I switched to English, gave it an accent.
'Is that you, Charlie?
Cone didn't hesitate.
'Yes. Who's that?'
'Hans. How's Mary?'
'She's fine.'
There are certain classic words and phrases in the Bureau's prescribed speech-code that light up the board when they come in to Signals, and I'd just used two of them. Is that you, Charlie? indicates that the caller is either being overheard or is an actual captive. How's Mary? is a warning that the caller wants the conversation to be played according to the leads he'll give, or attempt to give. I didn't need to throw in a signal for Cone to move out of his hotel as soon as he put the phone down: the Charlie bit had told him there could have been someone watching the number I'd dialled. He'd get out straight away, and my life-line to London would be cut, until he called me back.
'The client,' I said, 'is willing to deposit half the funds tomorrow into the Swiss account, and I'm to receive the other half on delivery, which is to be in Algiers. Is that all right with you, Charlie?'
'If you're willing to go there.'
'Oh, yes. Sign of good faith. The thing is, when can we deliver?'
Cone tried his first question. 'How soon do we have to do it?'
'As soon as we can.'
'I'll check with Samala.'
'Do that. Tell him we're only contracted for the nuclear warhead, not the whole NK-9 missile. Same price.'
'Warhead only.'
'Yes.'
He'd be hunched over the telephone, Cone, his back to the blizzard he lived in, had probably lived in since childhood, when he'd been abandoned or orphaned or in one of a hundred ways cast out, hunched over the telephone now in a small Berlin hotel wondering what London would do with this, wondering as I was what London would do. They could wreck Solitaire if they didn't get this thing absolutely right.

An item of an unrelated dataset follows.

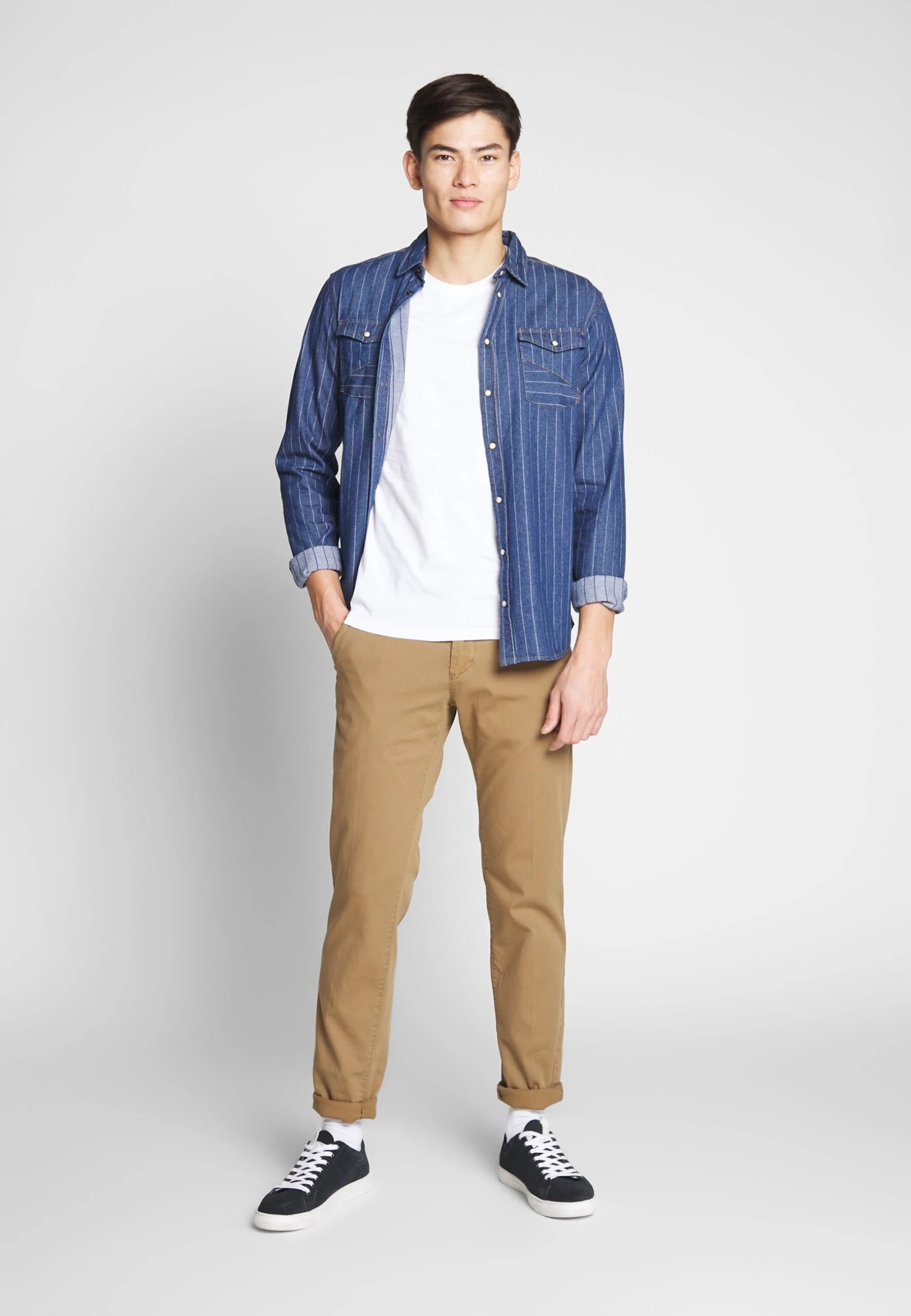 Pier One 2 Pack - Basic T-Shirt - White/Dark Blue 2 Pier One 2 Pack - Basic T-Shirt - White/Dark Blue - Image 2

The figures on the dashboard clock flicked to 10:14. It would be a few minutes before we rang off and Cone hit the mast at Cheltenham and his voice came over the speaker at the Signals board and Carey or Matthews picked up the bit of chalk. Executive DIF 22:10 Berlin time reporting either as captive or surveilled, believed to have reached Nemesis centre, requests delivery of Miniver NK-9 warhead, see printout of DIF's briefing.

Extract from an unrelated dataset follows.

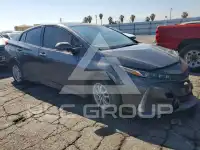 2020 Toyota PRIUS photo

Croder would move in on a signal like this one or if he wasn't in the room then they'd page him and get him there, find him wherever he was. Croder had the soul of a piranha but he could think well, and there'd be a chance of keeping the mission alive until I could work as a free agent again and signal Cone and brief him. There'd be a chance but it was thin, terribly thin, because London might go for the obvious and decide to call in GSG- 9 in Frankfurt and the counter-espionage service in Algiers and stake out the delivery point and risk exposure and blow the whole thing.

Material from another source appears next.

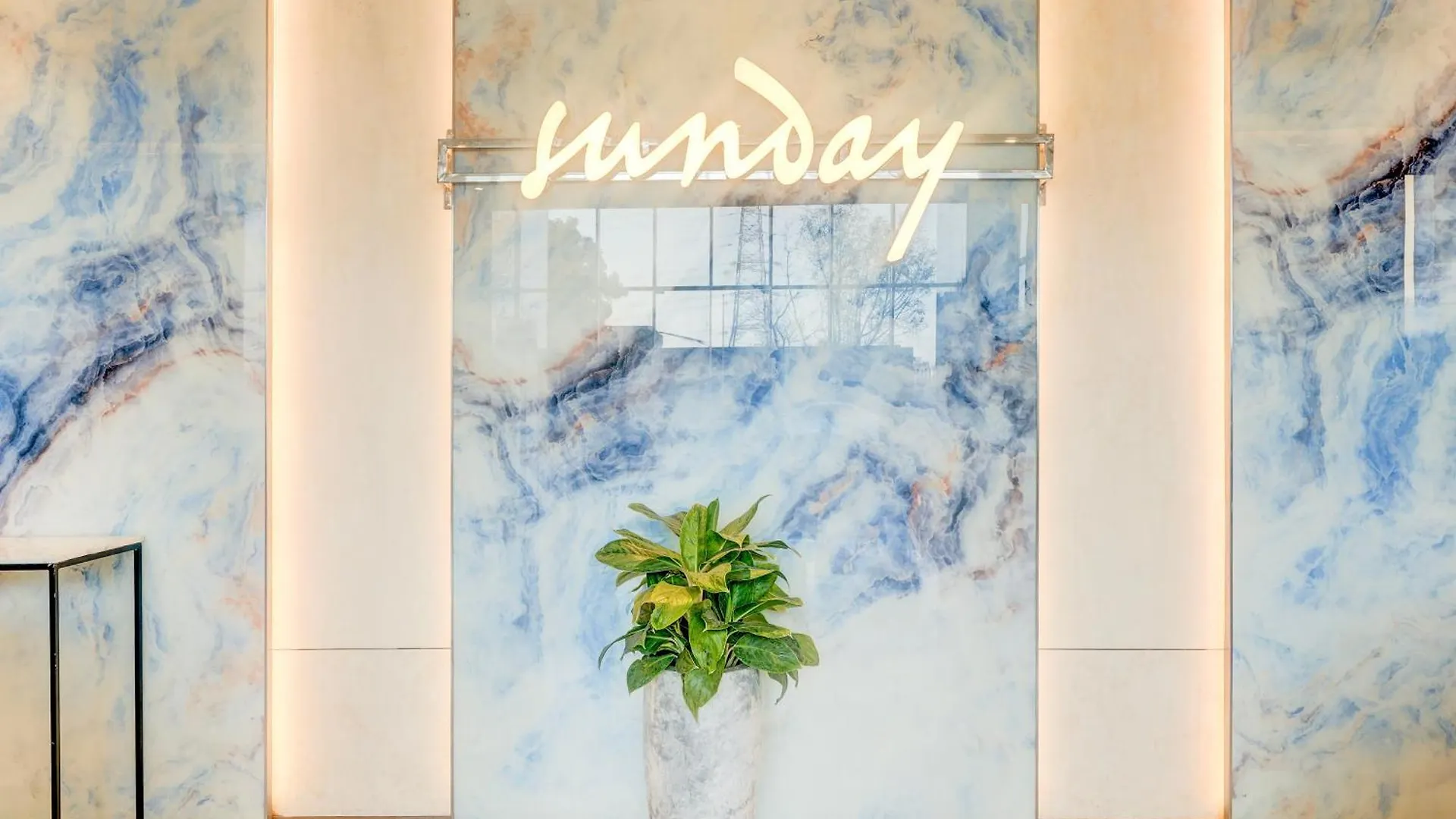 Sunday Hotels And Residences 구르가온 인도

'It could take a little time,' Cone said.
I used the chance. 'You'll have to cut corners, Charlie. I'm talking about – wait a minute, our client's here with me.' I turned to Klaus and I didn't put my hand over the mouthpiece. 'He says it can take a little time, so give me your deadline.'
He checked his watch. '19:15 hours tomorrow.'
'That's tight.'
'You offered me the missile.' His eyes were black now in the glow from the dashboard lights. 'If you can deliver it in that time, the deal is on. Not otherwise. Twenty-one hours.'
It suited me, because every minute I spent at the centre of Nemesis would be extending the risk of exposure; but I'd told him the deadline was tight because God knew how long it would take to persuade Army Ordnance to part with even an unarmed Miniver warhead casing. I was having to play the breaks as they came and make what choices I'd got: the longer I stayed with Nemesis the greater the risk, yes, but I was prepared to face that if the alternative was not to have delivery of the warhead made at all. I had to get it for Klaus if I could; I had to get closer to the deadline he'd been working on before I'd moved in; I had to know what he was planning to do before I could stop him.